Importance of evolution
- Organizations have huge investments in their software systems – they are critical business assets.
- To maintain the value of these assets to the business, they must be changed and updated.
- The majority of the software budget in large companies is devoted to evolving existing software rather than developing new software.
Maintenance is inevitable
- The system requirements are likely to change while the system is being developed because the environment is changing. Therefore a delivered system won’t meet its requirements!
- Systems are tightly coupled with their environment. When a system is installed in an
environment it changes that environment and therefore changes the system requirements. - Systems MUST be maintained therefore if they are to remain useful in an environment.
Types of maintenance
- Maintenance to repair software faults
- Changing a system to correct deficiencies in the way meets its requirements.
- Maintenance to adapt software to a different operating environment
- Changing a system so that it operates in a different environment (computer, OS, etc.) from its initial implementation.
- Maintenance to add to or modify the system’s functionality
- Modifying the system to satisfy new requirements.
Maintenance cost factors
- Team stability
- Maintenance costs are reduced if the same staff are involved with them for some time.
- Contractual responsibility
- The developers of a system may have no contractual responsibility for maintenance so there is no incentive to design for future change.
- Staff skills
- Maintenance staff are often inexperienced and have limited domain knowledge.
- Program age and structure
- As programs age, their structure is degraded and they become harder to understand and change.
Evolution processes
- Evolution processes depend on
- The type of software being maintained;
- The development processes used;
- The skills and experience of the people involved.
- Proposals for change are the driver for system evolution. Change identification and evolution continue throughout the system lifetime.
The system evolution process
Legacy system evolution
- Organizations that rely on legacy systems must choose a strategy for evolving these systems
- Scrap the system completely and modify business processes so that it is no longer required;Continue maintaining the system;Transform the system by re-engineering to improve its maintainability;
- Replace the system with a new system.
- The strategy chosen should depend on the system quality and its business value.
Legacy system categories
- Low quality, low business value
- These systems should be scrapped.
- Low-quality, high-business value
- These make an important business contribution but are expensive to maintain. Should be re-engineered or replaced if a suitable system is available.

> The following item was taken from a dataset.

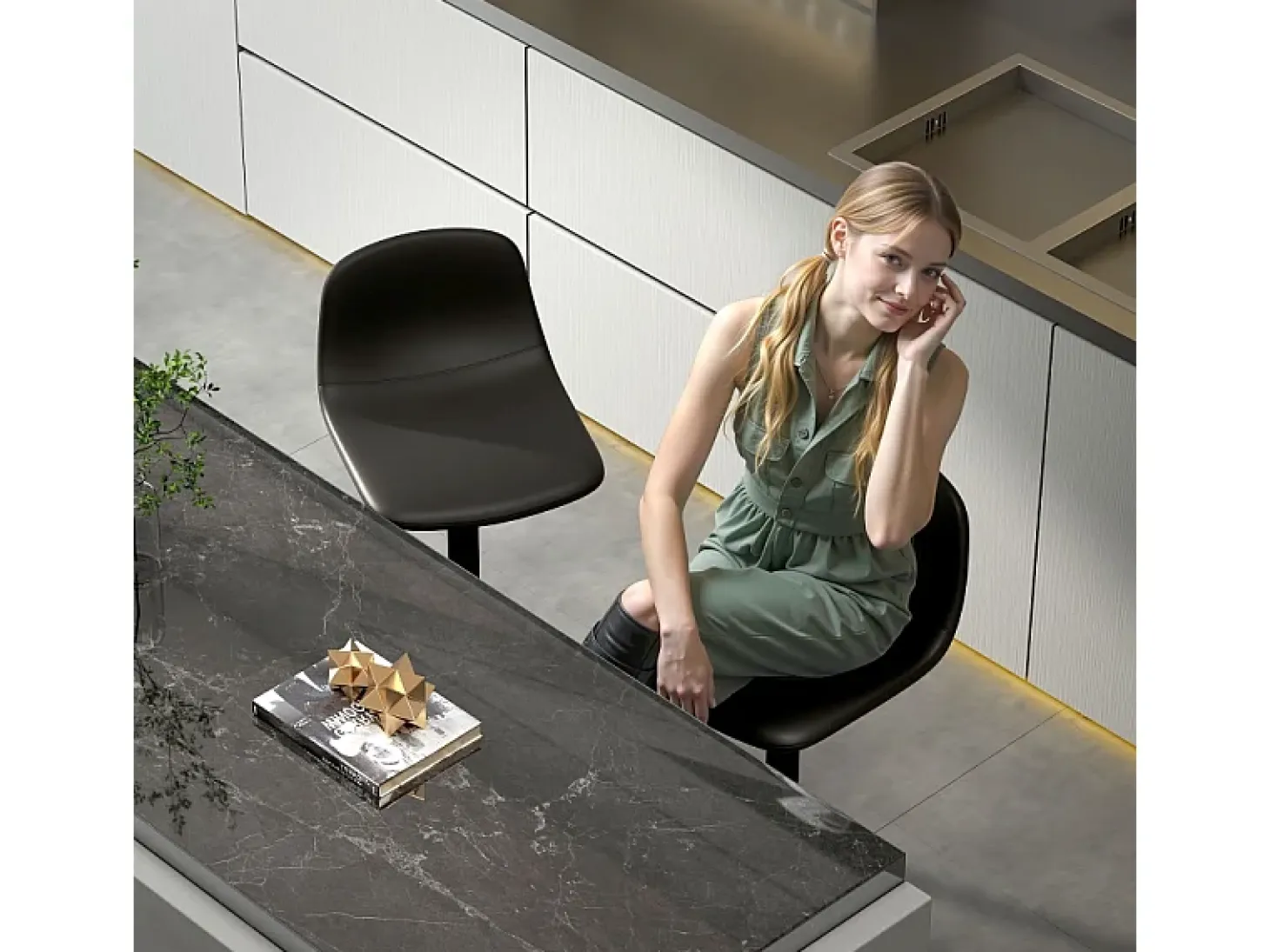 Taburete de bar con respaldo, giratorio 360°, asiento de piel sintética, regulable en altura, diseño moderno, negro (38x38x52-66 cm)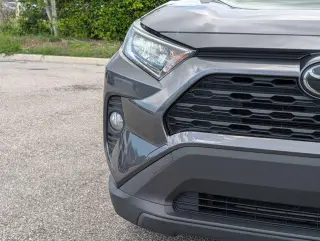 Toyota RAV4 2020 AWD XLE 4p SUV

- High-quality, low-business value
- Replace with COTS, scrap completely or maintain.
- High-quality, high business value
- Continue in operation using normal system maintenance.
Business value assessment
- Assessment should take different viewpoints into account
- System end-users;
- Business customers;
- Line managers;
- IT managers;
- Senior managers.
- Interview different stakeholders and collate results.
System quality assessment
- Business process assessment
- How well does the business process support the current goals of the business?
- Environment assessment
- How effective is the system’s environment and how expensive is it to maintain?
- Application assessment
- What is the quality of the application software system?
System measurement
- You may collect quantitative data to make an assessment of the quality of the application system
- The number of system change requests;
- The number of different user interfaces used by the system;
- The volume of data used by the system.